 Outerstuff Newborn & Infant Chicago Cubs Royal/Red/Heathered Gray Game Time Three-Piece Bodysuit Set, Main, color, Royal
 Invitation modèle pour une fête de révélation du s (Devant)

★ ★ ★ ★ ★

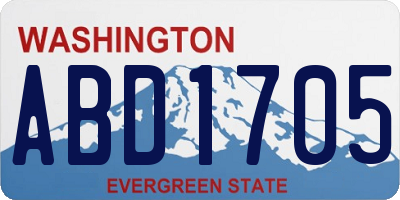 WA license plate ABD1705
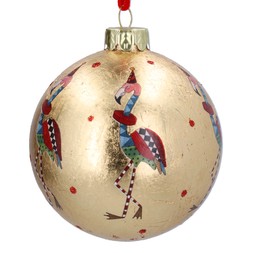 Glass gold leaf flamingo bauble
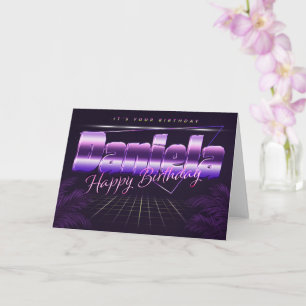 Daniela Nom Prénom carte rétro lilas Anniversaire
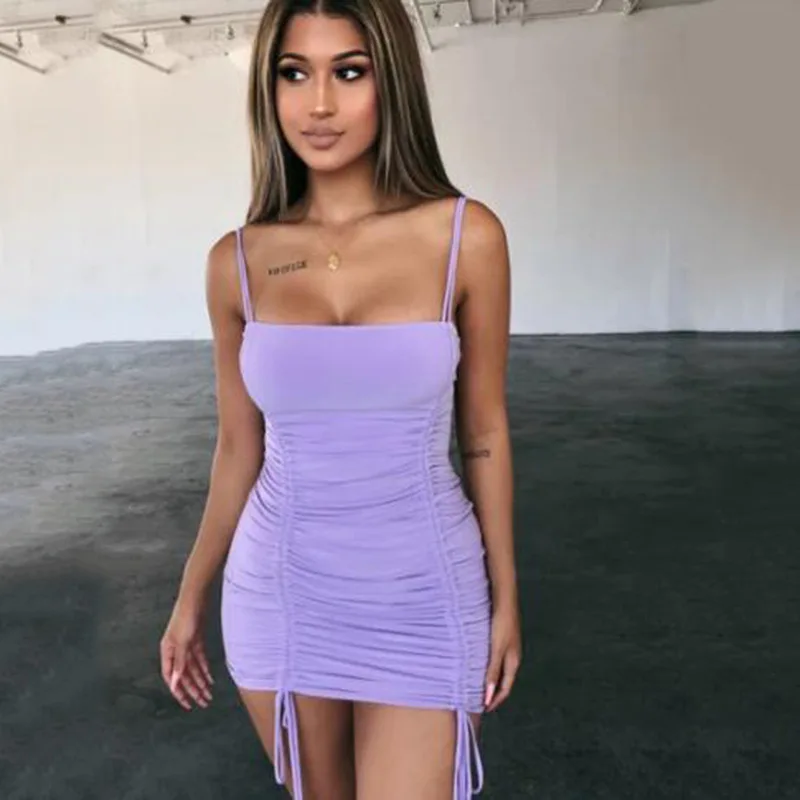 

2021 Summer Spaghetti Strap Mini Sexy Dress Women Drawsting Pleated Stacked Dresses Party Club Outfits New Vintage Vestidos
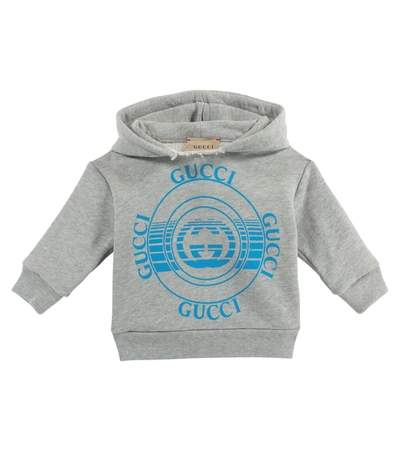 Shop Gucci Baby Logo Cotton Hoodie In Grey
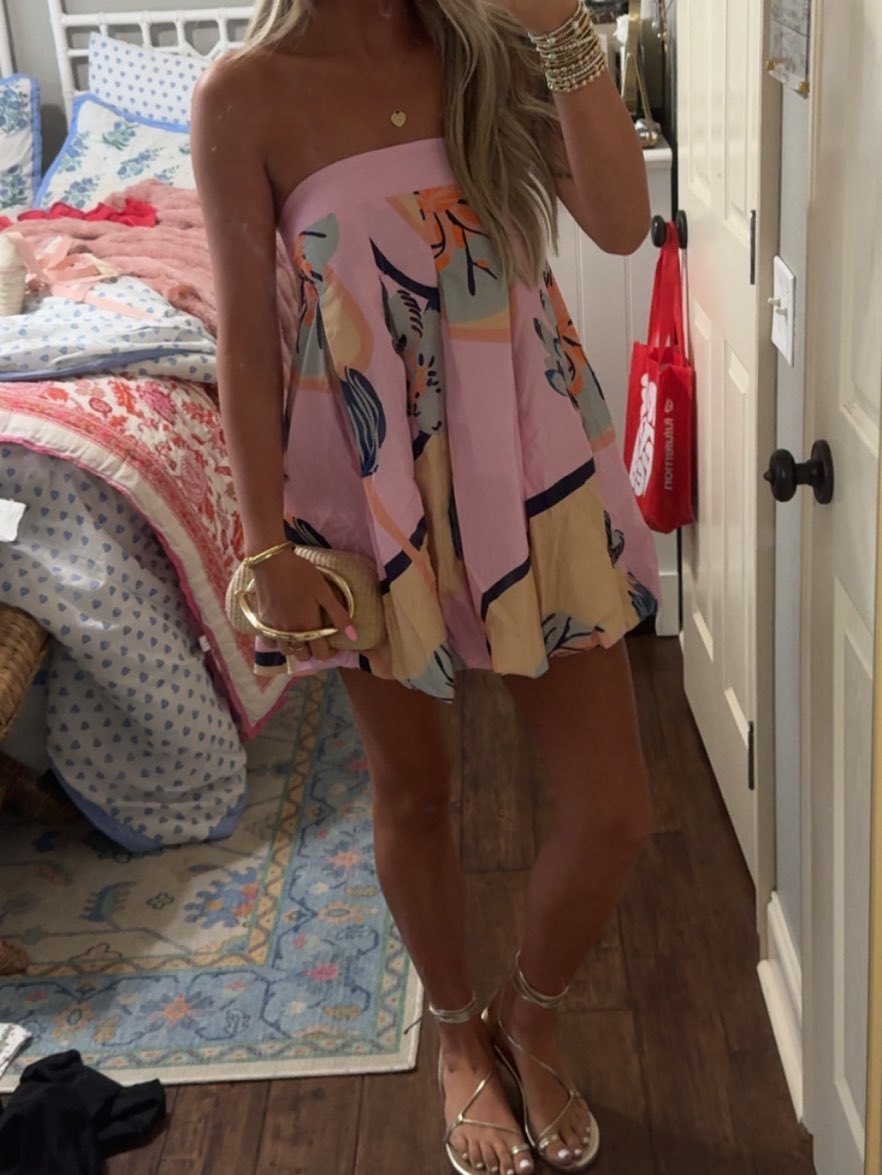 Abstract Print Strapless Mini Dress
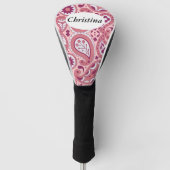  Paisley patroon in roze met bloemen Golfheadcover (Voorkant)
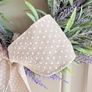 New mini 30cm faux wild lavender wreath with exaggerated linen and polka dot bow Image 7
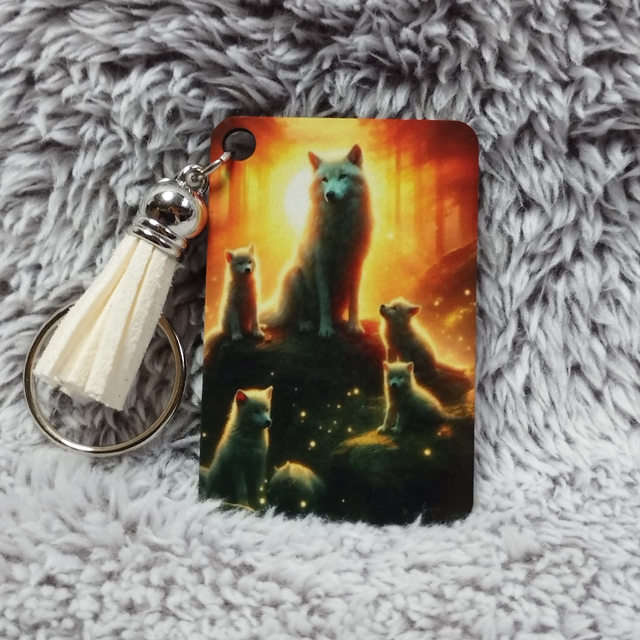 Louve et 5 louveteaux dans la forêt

★ ★ ★ ★ ★

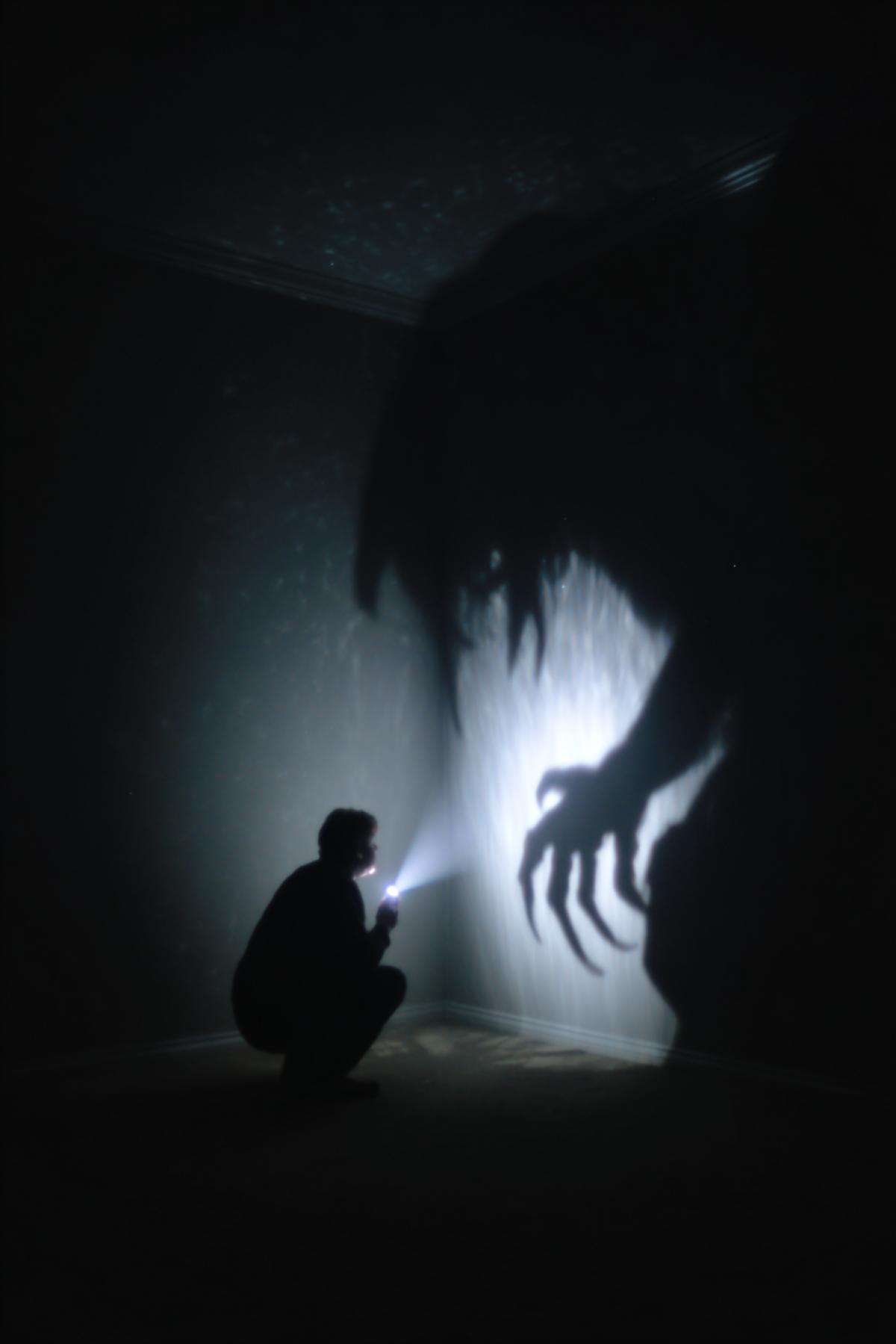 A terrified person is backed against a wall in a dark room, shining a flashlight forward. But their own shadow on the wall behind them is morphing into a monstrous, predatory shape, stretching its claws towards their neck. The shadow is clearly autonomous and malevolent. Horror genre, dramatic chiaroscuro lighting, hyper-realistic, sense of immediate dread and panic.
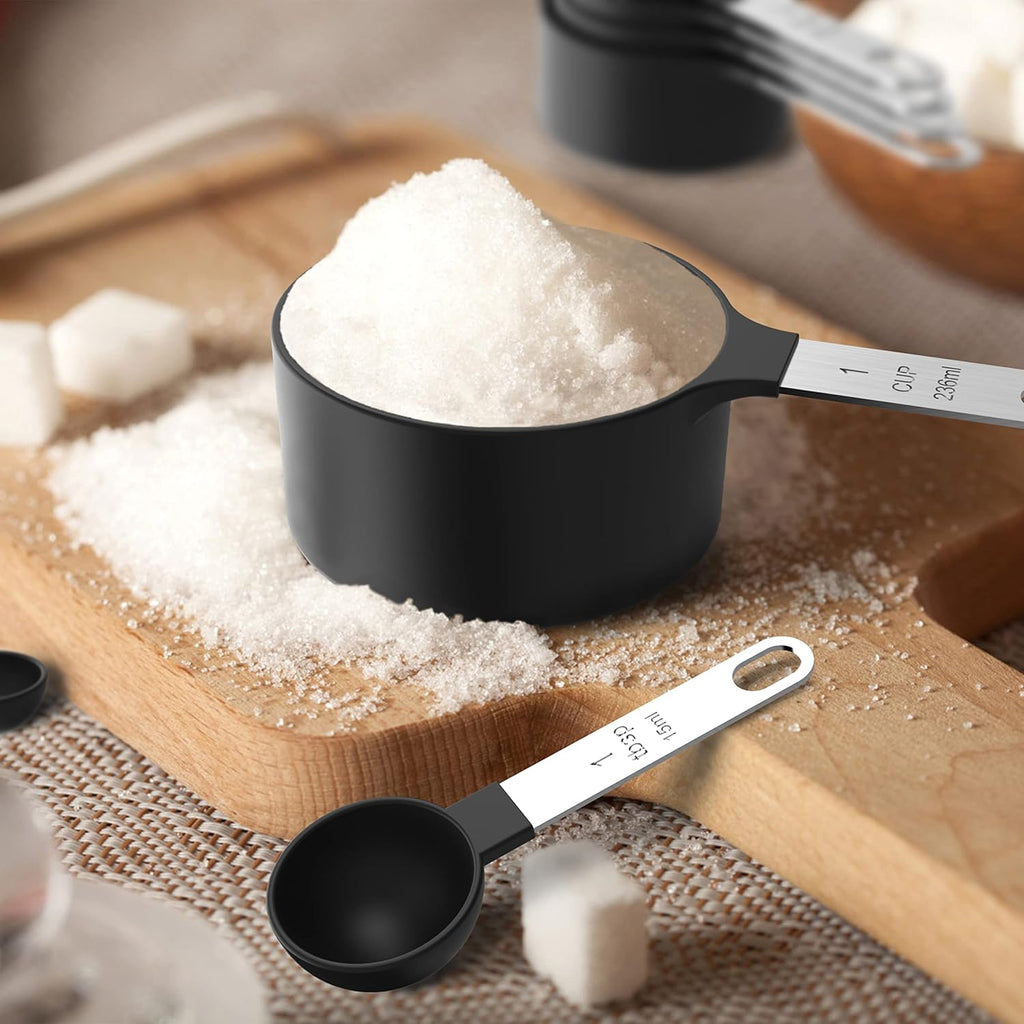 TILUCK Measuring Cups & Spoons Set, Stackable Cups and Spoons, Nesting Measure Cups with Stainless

★ ★ ★ ★ ★

Transcribe the records above exactly, beginning at the line that contains "Outerstuff Newborn &" and ending with the line that contains "Invitation modèle pour", both included, and nothing else.

- **Solution to the exercise**
 Outerstuff Newborn & Infant Chicago Cubs Royal/Red/Heathered Gray Game Time Three-Piece Bodysuit Set, Main, color, Royal
 Invitation modèle pour une fête de révélation du s (Devant)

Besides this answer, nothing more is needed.